Human Rights Watch called for the decriminalization of libel and cyber-libel following the conviction on Tuesday, December 13, of Filipino journalist Frank Cimatu of cyber-libel.
“We find the verdict convicting journalist Frank Cimatu of cyber-libel very concerning,” said Carlos H. Conde, senior Philippines researcher of Human Rights Watch, in a statement.
Conde noted that the verdict on Cimatu’s case came days after an activist, Sarah Dekdeken of the Cordillera Peoples Alliance, was also convicted of the same offense.
“[It] highlights the precariousness of freedom of expression in the Philippines,” he said, adding that the recent rulings “underscore the need to decriminalize libel and cyber-libel.”
“No person should spend a day in jail for expressing an opinion or reporting the news. Criminal libel is an assault on democracy and freedom of expression,” said Conde.
A court in the Philippine capital convicted Cimatu of cyber-libel over a Facebook post pertaining to former Agriculture Secretary Manny Piñol.
The Quezon City Regional Trial Court Branch 93 sentenced Cimatu to imprisonment of six months and one day to five years, five months and 11 days, and ordered him to pay Piñol PhP300,000 as “moral damages.”
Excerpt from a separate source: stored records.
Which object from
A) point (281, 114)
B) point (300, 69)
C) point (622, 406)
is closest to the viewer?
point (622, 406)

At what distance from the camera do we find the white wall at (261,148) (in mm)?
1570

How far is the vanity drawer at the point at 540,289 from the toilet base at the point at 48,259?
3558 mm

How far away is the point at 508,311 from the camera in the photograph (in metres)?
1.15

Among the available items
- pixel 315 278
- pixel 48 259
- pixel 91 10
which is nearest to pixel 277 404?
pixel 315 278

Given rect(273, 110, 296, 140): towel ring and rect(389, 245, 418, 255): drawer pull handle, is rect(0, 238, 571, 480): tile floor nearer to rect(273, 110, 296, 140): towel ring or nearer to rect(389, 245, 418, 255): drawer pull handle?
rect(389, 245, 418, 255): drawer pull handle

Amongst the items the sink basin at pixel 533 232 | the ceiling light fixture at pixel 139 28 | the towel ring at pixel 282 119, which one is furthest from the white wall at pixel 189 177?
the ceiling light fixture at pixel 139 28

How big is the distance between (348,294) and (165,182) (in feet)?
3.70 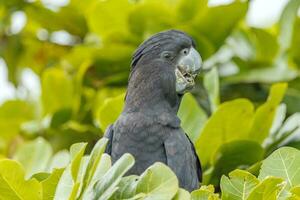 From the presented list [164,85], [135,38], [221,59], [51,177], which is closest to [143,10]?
[135,38]

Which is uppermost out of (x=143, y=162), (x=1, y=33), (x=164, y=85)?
(x=1, y=33)

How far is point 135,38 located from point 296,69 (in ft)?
2.30

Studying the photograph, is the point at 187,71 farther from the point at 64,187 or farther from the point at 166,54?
the point at 64,187

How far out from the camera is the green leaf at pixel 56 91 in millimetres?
3445

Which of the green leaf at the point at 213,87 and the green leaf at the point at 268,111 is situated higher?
the green leaf at the point at 213,87

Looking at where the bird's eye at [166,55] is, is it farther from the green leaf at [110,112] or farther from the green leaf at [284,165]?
the green leaf at [284,165]

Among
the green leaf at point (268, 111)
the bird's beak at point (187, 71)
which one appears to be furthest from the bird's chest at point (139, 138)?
the green leaf at point (268, 111)

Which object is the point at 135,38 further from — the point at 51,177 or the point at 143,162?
the point at 51,177

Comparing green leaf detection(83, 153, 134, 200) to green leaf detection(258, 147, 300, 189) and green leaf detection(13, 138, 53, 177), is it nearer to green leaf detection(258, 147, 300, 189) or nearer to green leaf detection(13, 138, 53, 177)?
green leaf detection(258, 147, 300, 189)

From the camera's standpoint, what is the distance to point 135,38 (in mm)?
3439

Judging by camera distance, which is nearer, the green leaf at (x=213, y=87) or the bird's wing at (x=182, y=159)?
the bird's wing at (x=182, y=159)

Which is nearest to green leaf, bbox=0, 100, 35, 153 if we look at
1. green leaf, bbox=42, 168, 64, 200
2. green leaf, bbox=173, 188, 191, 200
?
green leaf, bbox=42, 168, 64, 200

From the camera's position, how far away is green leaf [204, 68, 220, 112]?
121 inches

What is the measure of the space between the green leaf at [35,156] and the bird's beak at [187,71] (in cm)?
58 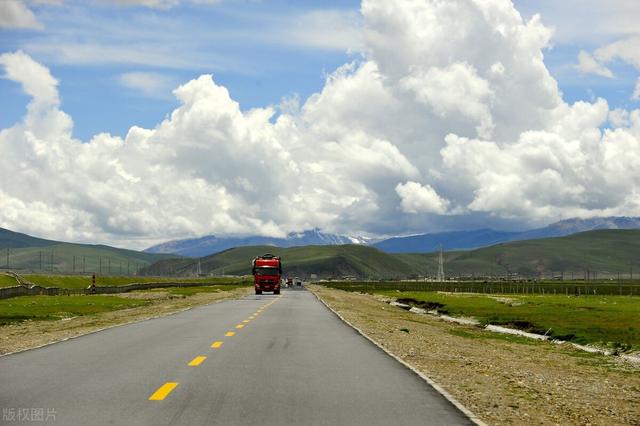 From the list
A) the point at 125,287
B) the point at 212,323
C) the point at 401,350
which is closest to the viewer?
the point at 401,350

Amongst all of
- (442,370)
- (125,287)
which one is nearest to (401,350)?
(442,370)

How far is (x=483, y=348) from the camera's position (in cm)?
2975

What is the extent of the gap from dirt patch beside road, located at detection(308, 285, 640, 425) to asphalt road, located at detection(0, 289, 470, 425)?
1028mm

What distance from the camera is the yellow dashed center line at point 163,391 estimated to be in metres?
13.2

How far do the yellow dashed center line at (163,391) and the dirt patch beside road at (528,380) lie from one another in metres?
5.37

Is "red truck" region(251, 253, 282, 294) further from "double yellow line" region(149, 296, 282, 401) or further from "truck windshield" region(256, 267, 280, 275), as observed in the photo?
"double yellow line" region(149, 296, 282, 401)

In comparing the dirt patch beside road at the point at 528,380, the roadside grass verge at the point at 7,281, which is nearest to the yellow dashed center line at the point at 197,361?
the dirt patch beside road at the point at 528,380

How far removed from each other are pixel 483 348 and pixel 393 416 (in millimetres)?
18512

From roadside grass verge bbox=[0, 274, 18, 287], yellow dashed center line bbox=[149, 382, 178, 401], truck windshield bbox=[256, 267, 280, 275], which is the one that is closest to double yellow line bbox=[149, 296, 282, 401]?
yellow dashed center line bbox=[149, 382, 178, 401]

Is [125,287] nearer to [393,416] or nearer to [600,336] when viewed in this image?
[600,336]

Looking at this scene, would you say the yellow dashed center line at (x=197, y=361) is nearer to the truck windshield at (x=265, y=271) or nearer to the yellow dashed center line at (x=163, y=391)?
the yellow dashed center line at (x=163, y=391)

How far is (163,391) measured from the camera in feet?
45.7

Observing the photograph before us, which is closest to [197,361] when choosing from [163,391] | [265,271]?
[163,391]

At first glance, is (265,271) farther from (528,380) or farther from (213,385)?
(213,385) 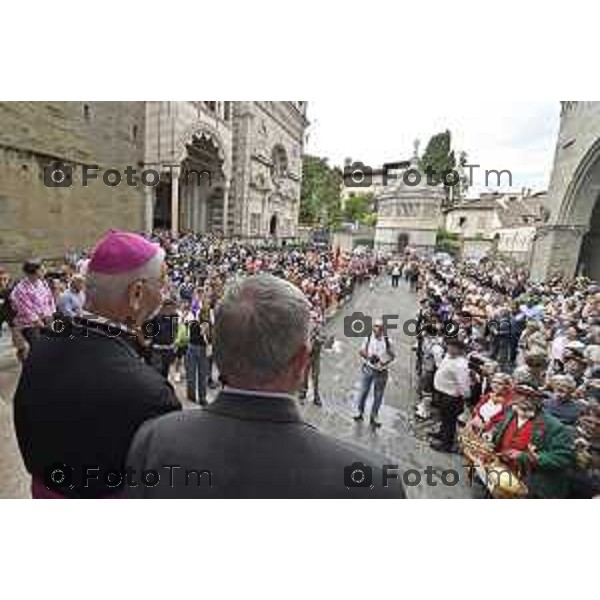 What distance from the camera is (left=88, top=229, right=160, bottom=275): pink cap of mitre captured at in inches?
51.1

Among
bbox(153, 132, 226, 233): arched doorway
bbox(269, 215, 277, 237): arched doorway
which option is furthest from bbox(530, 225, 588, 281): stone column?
bbox(269, 215, 277, 237): arched doorway

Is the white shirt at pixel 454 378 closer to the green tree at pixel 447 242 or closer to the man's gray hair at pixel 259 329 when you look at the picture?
the man's gray hair at pixel 259 329

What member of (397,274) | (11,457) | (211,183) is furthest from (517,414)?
(211,183)

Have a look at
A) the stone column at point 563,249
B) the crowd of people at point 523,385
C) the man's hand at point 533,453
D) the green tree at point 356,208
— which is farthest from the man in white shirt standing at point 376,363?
the green tree at point 356,208

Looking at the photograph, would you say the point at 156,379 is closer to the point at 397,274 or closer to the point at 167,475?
the point at 167,475

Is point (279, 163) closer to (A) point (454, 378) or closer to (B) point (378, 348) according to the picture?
(B) point (378, 348)

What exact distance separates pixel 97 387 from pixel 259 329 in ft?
1.70

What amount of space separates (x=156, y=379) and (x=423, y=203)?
23.7 m

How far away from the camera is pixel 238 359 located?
3.10 ft

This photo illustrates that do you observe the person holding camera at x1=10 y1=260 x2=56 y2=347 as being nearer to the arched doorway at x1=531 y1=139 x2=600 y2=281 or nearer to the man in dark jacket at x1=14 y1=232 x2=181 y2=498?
the man in dark jacket at x1=14 y1=232 x2=181 y2=498

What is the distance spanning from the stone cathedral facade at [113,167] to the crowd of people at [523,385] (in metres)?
7.38

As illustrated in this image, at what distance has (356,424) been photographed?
5.26 meters

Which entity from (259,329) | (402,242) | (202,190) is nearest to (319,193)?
(402,242)

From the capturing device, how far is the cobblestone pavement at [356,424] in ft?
11.7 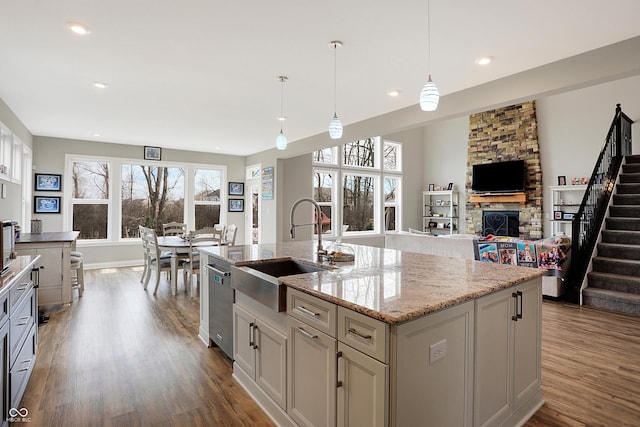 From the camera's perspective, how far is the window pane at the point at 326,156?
324 inches

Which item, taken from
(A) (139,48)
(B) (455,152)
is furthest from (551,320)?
(B) (455,152)

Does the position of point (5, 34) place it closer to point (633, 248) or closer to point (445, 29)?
point (445, 29)

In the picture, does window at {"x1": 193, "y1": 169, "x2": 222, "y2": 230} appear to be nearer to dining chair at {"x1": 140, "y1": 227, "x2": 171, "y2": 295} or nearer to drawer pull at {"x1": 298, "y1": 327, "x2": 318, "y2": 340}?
dining chair at {"x1": 140, "y1": 227, "x2": 171, "y2": 295}

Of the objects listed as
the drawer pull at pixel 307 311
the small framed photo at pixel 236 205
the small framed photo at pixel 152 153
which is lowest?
the drawer pull at pixel 307 311

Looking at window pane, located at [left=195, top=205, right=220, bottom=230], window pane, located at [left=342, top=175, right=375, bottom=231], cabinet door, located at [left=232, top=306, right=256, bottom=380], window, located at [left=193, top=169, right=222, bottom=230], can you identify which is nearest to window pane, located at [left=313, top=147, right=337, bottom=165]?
window pane, located at [left=342, top=175, right=375, bottom=231]

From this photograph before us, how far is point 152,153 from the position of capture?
7496 mm

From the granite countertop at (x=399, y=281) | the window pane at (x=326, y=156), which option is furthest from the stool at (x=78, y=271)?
the window pane at (x=326, y=156)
“Following a painstaking review of the pieces of evidence presented by both parties, the Court finds that the evidence of the prosecution satisfies the test of moral certainty and is sufficient to support a conviction,” said acting presiding Judge Evangeline Cabochan-Santos in a 19-page decision.
The court found that Cimatu’s Facebook post where he said that Piñol “got rich by P21-M in 6 months” was defamatory as it “appears to be an imputation of a crime.”
The court also found that Cimatu acted with malice in writing the Facebook post, even if it said that the post was privileged communication as it targeted a public official as the journalist “failed to show any proof to establish that his post was done in good faith.”
In 2012, the United Nations Committee on Human Rights declared that the continued criminalization of libel in the Philippines violated the country’s obligations under the International Covenant on Civil and Political Rights.
Journalists in the country have long called to decriminalize libel, along with the graver cyber libel offense stipulated in the Cybercrime Prevention Act of 2012.